Un récit autobiographique
Stéphane Carlier est-il entrain de nous conter sa propre histoire ? Est-ce un récit autobiographique ? C’est la première question que je me suis posée en abordant ce roman à la première personne. Il y est question d’un écrivain, qui a déjà publié plusieurs manuscrits et qui passe ses journées à consulter le classement de sa dernière parution Entrée dans l’hiver sur le site Amazon. Il fait des listes de choses qui le rendent heureux – Stéphane Carlier aime faire des listes- qui plus est, il adore Billie Holiday tout comme l’auteur. Une succession de petits indices que je vais m’empresser de mettre sous le nez de Stéphane Carlier lors d’une prochaine interview que nous avons programmé cette semaine.

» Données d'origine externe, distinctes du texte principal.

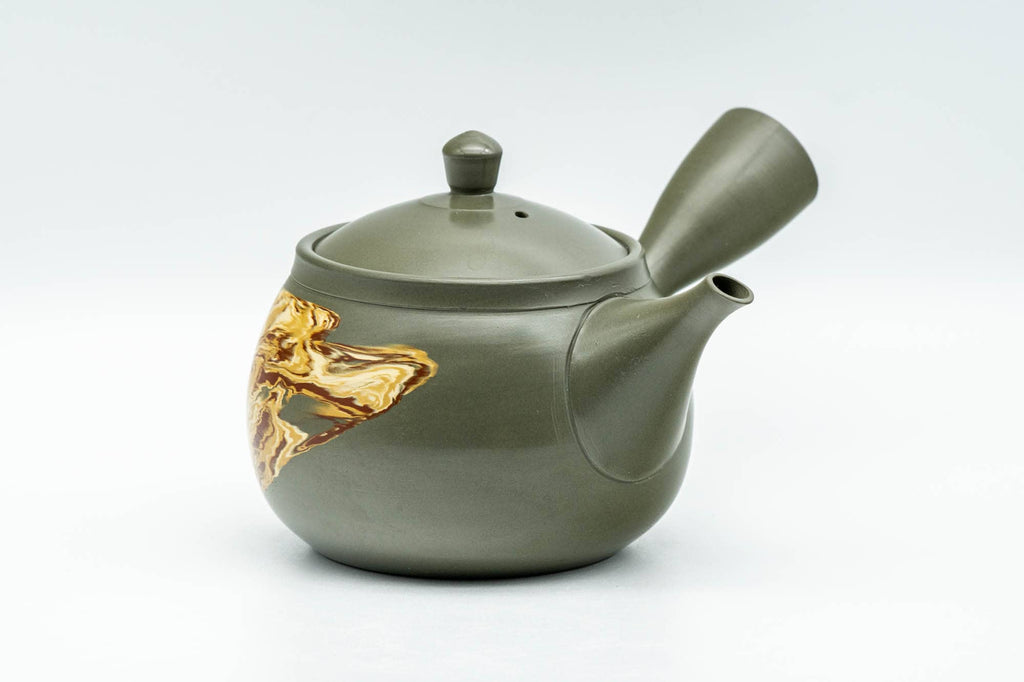 Japanese Kyusu - Gyokko Kiln 玉光 - Green Ryokudei Nerikomi Tokoname-yaki Debeso Teapot - 200ml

Toujours est-il que le personnage principal, Baptiste Roy, nous est introduit avec un certain nombre de casseroles à son actif : son livre est classé 475 758e dans les ventes Amazon, sa femme Maxine vient de le quitter pour un dentiste poilu, et comble du pathétique, il espionne dès que possible la nouvelle vie de son ex dans la grande et belle maison ultra design du soigneur de caries. Autour de lui, son entourage n’est que réussite. Gilles, son meilleur ami, semble épanoui dans sa vie en compagnie de Chacha une influenceuse bien-être et de ses enfants, son père a refait sa vie avec un autre homme et file le parfait amour. Depuis son jogging Domyos, un cachet de Xanas à la main, Baptiste est clairement en mauvaise posture.
Une véritable comédie théâtrale
Jusqu’à l’arrivée de Croquette – et non Courgette – le carlin de Madame Halberstadt une petite vieille avec les jambes de Gru dans Moi, Moche et Méchant. Cette dernière doit se faire opérer et a besoin que son « petit Baptiste » le lui garde quelques jours. Le roman entier tourne autour de l’arrivée de ce chien et de la magie qu’il met sur la route de l’écrivain. Depuis son arrivée, sa vie va mieux et de belles choses arrivent. C’est alors une véritable comédie qui se joue sous nos yeux un peu à la Francis Veber (Le dîner de cons, L’Emmerdeur, La Chèvre). L’auteur joue sur le capitale caricatural de chacun de ses personnages n’hésitant pas à forcer le trait pour nous mener à l’amusement et à la surprise.
Stéphane Carlier offre une épopée burlesque conduite par un écrivain médiocre et un carlin magique avec qui on passerait bien une journée. Chaque chapitre est un lever de rideau où l’auteur réussit, avec cet animal d’une immobilité déconcertante, à nous faire voltiger dans le quotidien de Baptiste. J’ai littéralement adoré ce livre et la multiplication des dialogues apportant de délicieux soubresauts au récit. L’auteur livre une succession d’ups & downs croustillants et ne s’arrête qu’après avoir essoré et sucé jusqu’à la moelle cet écrivain dépassé par les événements, dépassé par sa vie.
Quand un petit brin de magie s’immisce dans nos existences, il est rare de le laisser filer même si le charme ne dure qu’un instant.